日経紙に店頭公開の計画を発表した九二年、タイムズの総駐車場台数は六百八十台だった。それが九三年四千六百台、九四年七千二百台、九五年一万一千台というペースで伸びた。

 九七年三月、念願の店頭公開を果たした。九九年四月、東証二部に上場し、この四月には東証一部上場企業になった。夢が現実になり、今度は現実が夢を超える勢いで進展している。

 西川自身も企業家として、会社の規模とともに大きくなっている。

 タイムズステーション川崎には、電気自動車用の充電施設が設置してある。いまのところ、主要自動車メーカーの電気自動車は充電方式がまちまちのため、メーカー別の接続ケーブルを用意しなければならない。利用者も滅多にいないが、電気自動車の普及をアピールするため、あえて設置している。
 
 タイムズを成功させた過程で車社会全体のことを考え「自動車メーカーがやらないからうちがやる」というほどの気概をもつようになった。

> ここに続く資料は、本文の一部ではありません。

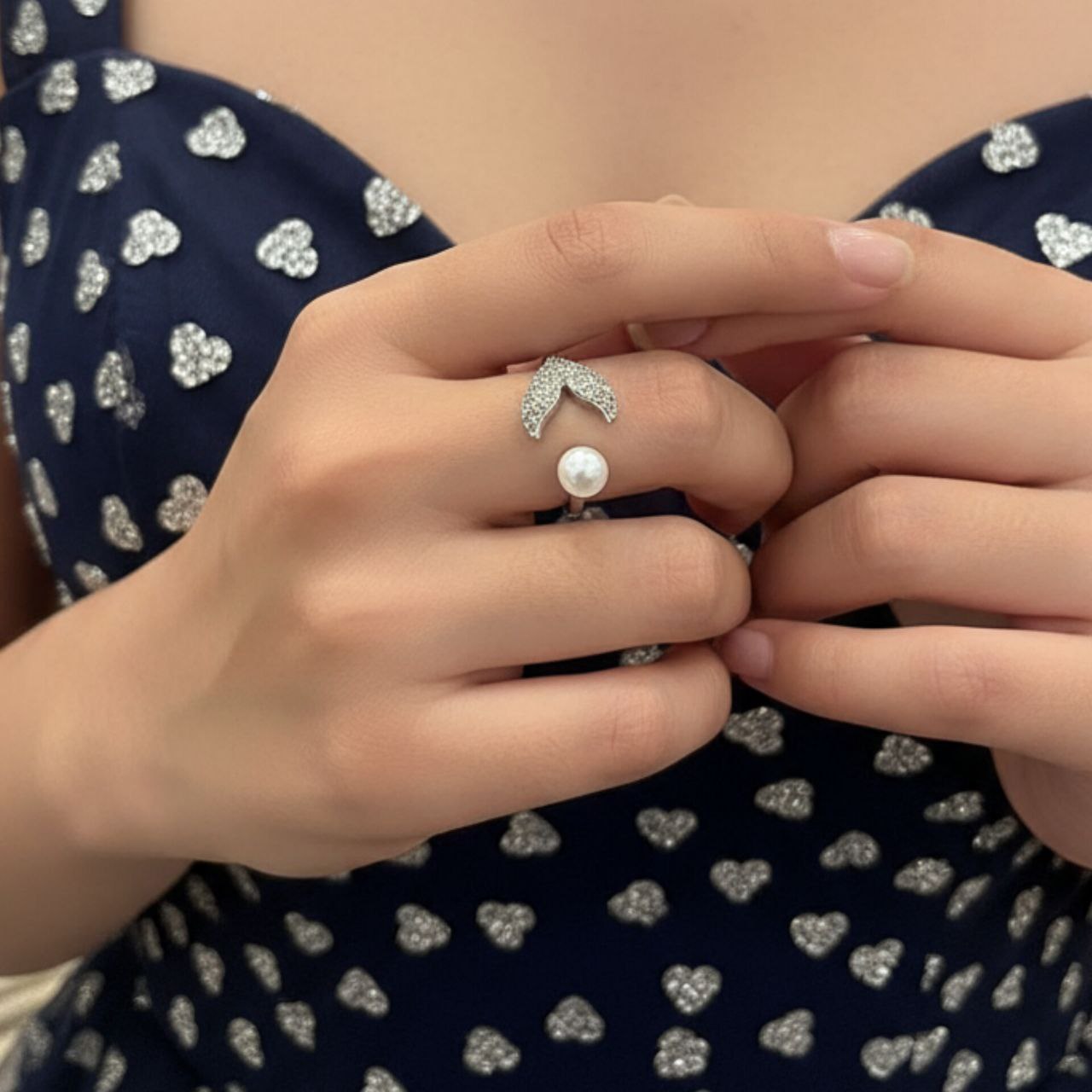 ring انگشتر طرح دم وال و مروارید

 なぜがんばるのですか、と聞かれると、西川は「遊びたいからです」と答える。旅行通で、夜の銀座通で、競走馬の馬主で、絵画、ジャズの造詣が深く……と、西川があらゆる遊びに通じているのは事実だが、そこにはある種の韜晦(とうかい)がある。西川にとって仕事で社会貢献することほど、楽しくて刺激的なことはないはずだ。

 粋であることを何よりも大事にし、その上シャイだから「世のため、人のため」とは言わないが、周りの人間はわかっている。だからこそ、パーク24はこれからも、大きくなっていくだろう。
 
 そして、いつの日か、私企業の枠を超えた存在になっていく。そこまで見届けたいものだ。